WHAT THE TASK ASKS:
For the entries below, the result should be an exact transcription of the lines from the one with "Rustic-Barn-Family-Session" up to and including the one with "Model TATRA 111-valník 1:43", and only those.

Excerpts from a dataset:
^^^^^^^^^^^^^^^^

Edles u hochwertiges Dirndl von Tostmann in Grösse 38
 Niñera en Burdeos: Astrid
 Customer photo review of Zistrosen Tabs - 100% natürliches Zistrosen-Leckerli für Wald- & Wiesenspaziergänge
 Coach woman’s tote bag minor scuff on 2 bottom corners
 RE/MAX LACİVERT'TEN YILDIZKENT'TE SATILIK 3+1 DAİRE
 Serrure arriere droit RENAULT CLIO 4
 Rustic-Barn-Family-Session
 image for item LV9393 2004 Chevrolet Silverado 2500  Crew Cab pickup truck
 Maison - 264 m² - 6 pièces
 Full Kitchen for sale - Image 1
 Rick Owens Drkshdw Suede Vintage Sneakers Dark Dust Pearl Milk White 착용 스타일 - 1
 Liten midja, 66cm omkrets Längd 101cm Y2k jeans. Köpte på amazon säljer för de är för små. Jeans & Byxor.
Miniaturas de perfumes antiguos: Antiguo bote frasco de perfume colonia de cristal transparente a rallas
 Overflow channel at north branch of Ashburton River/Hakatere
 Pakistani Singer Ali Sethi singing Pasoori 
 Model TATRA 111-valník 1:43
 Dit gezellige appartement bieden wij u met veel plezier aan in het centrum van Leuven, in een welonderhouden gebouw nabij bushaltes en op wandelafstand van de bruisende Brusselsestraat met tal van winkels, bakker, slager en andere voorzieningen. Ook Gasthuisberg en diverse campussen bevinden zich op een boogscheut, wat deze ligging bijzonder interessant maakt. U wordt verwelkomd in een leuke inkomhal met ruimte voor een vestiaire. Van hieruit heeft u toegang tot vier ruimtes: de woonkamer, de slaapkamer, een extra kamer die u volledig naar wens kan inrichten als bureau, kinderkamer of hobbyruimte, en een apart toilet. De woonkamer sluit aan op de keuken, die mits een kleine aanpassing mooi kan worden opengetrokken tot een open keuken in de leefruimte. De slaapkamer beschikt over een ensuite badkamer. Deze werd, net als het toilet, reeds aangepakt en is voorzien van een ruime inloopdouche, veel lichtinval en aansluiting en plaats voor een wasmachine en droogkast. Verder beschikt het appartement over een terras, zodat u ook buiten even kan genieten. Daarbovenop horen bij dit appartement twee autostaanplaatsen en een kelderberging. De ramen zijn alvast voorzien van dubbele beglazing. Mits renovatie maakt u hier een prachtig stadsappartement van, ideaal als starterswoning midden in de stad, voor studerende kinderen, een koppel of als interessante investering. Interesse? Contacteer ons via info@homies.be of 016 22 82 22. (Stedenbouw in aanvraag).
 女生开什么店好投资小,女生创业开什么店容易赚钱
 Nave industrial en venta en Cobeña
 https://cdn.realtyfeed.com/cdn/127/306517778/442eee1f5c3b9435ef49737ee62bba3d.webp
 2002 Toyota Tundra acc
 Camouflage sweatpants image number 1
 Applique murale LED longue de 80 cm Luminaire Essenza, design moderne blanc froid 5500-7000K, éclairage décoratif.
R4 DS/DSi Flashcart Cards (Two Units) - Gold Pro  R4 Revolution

^^^^^^^^^^^^^^^^

SOLUTION FOR THIS TASK:
 Rustic-Barn-Family-Session
 image for item LV9393 2004 Chevrolet Silverado 2500  Crew Cab pickup truck
 Maison - 264 m² - 6 pièces
 Full Kitchen for sale - Image 1
 Rick Owens Drkshdw Suede Vintage Sneakers Dark Dust Pearl Milk White 착용 스타일 - 1
 Liten midja, 66cm omkrets Längd 101cm Y2k jeans. Köpte på amazon säljer för de är för små. Jeans & Byxor.
Miniaturas de perfumes antiguos: Antiguo bote frasco de perfume colonia de cristal transparente a rallas
 Overflow channel at north branch of Ashburton River/Hakatere
 Pakistani Singer Ali Sethi singing Pasoori 
 Model TATRA 111-valník 1:43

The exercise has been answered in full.